Vigezzo - 26 aprile 2022, 10:40

Gim Bonzani ricorda Benito Mazzi: "Penso che si possa definire'il Fornara della penna'"

"Ha utilizzato ogni istante per arricchire quel vantaggio cronologico che gli ha consentito di attraversare gli anni della Vigezzo che si stava trasformando"

Si chiama "coccodrillo", quel pezzo preparato a priori dai giornalisti per ricordare qualcuno di famoso. E' cinico, triste, ma avviene tra i professionisti di cronaca per non farsi trovare impreparati e dover improvvisare frettolosamente necrologi a rischio di errori. 

Non è il caso mio. Primo: perchè professionista non sono (dopo ventiquattro anni di articoli vari per Il Popolo dell'Ossola non ho tesserini ufficiali da giornalista pubblicista). Secondo: perchè il mio "coccodrillo" ha le dimensioni di una lucertolina uscita dall'uovo solo ieri, quando la mesta notizia della morte di Benito Mazzi è girata sui  media ancor prima che sugli avvisi funebri.

Ricordarlo non è facile; altre penne qualificate lo faranno a lungo bene e meglio.  Ma è per me triste e commovente, specie se i ricordi di lui si fondono coi miei anni dell'infanzia e dell'adolescenza. Quei periodi che, credo tutti noi coi capelli bianchi (chi li ha ancora),  ricordiamo con nostalgia. Tempi che Mazzi ha raccontato col suo stile unico. Vicende per noi ancor più gradevoli perchè molti personaggi e luoghi che troviamo nei suoi libri in un certo senso ci appartengono; anche se fisicamente scomparsi i primi, e forse, devastati irrimediabilmente i secondi. Benito è "tutto qui": una vita da scrittore, da cronista, un attento testimone del suo tempo. Aveva quindici anni più di me e li ha sfruttati tutti.

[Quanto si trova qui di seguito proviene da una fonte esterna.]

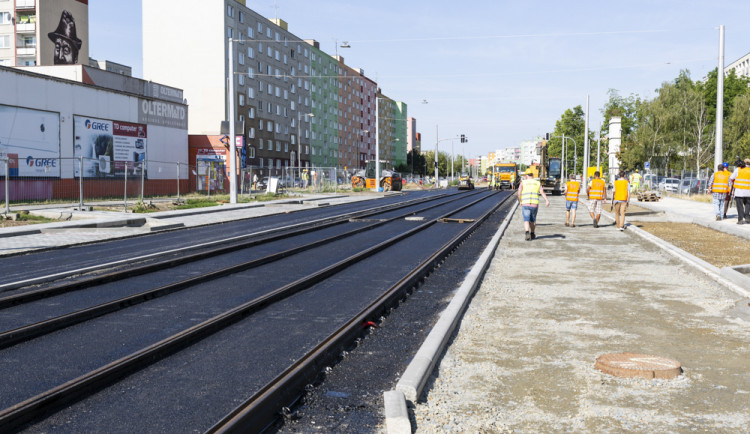 FOTOGALERIE: Část Zikovy ulice se brzy otevře, stavba tramvajové trati v Olomouci pokročila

Ha utilizzato ogni istante per arricchire quel vantaggio cronologico che gli ha consentito di attraversare gli anni della Vigezzo che si stava  trasformando;  vivendo quegli eventi, analizzandoli in modo intelligente per poi raccontarli alla sua maniera.  E questo non a solo fine ludico, ma soprattutto per ricordare ai lettori  la dimensione di una schietta umanità montanara che ha caratterizzato il suo (e per buona parte) anche il nostro tempo.

Di Re lui, di Villette io, ricordo di averne sentito il nome e di averlo visto la prima volta da bambino quando,  nel teatrino/cinema parrocchiale di Villette durante una recita, la sua coscritta Clara Tadina gli sparò (a salve) e lui stramazzò rumorosamente sull'assito del piccolo palco facendo sobbalzare lo stupito pubblico. Era una storia "finta" così  mi fu detto, perchè lo spavento di quella scena "cun ul Benito da Re" aveva cancellato in me tutta l'attrattiva per lo spettacolo. Poi lo ritrovai alle Medie di valle a S. Maria Maggiore sua seconda patria.

Insegnante di Italiano in prima classe e passato poi in segreteria l'anno dopo.  Ruolo che tenne in quell'ambito per tutta la vita lavorativa da statale. Ricordo quella volta in seconda, quando spuntò dalla porta dell'aula per avvisarci di qualcosa. Capo inclinato con mani sopra e sotto lungo il filo dell'uscio e, rivoltosi con un gran sorriso all'insegnante di Arte (che allora si chiamava Disegno) destinata a diventare la compagna della sua vita, concluse: "...e vale anche per i professori". E sempre sorridente sfilò capo e mani raddrizzandosi e chiudendo quel pertugio alle spalle.

E qui mi fermo perché siamo solo agli anni '60 e sarei inutilmente tedioso; ma non terminano certo il suo ricordo e l'ammirato apprezzamento per la sua grande arte nello scrivere. In questa valle di pittori, dove ancora tutto il novecento fu illuminato, prima direttamente poi di riflesso, da un insuperato Carlo Fornara (a cui si accostarono pure altri eccellenti artisti), tracciando un parallelo, penso proprio che Benito Mazzi si possa definire "il Fornara della penna". E pure con maggior fama dell'originale.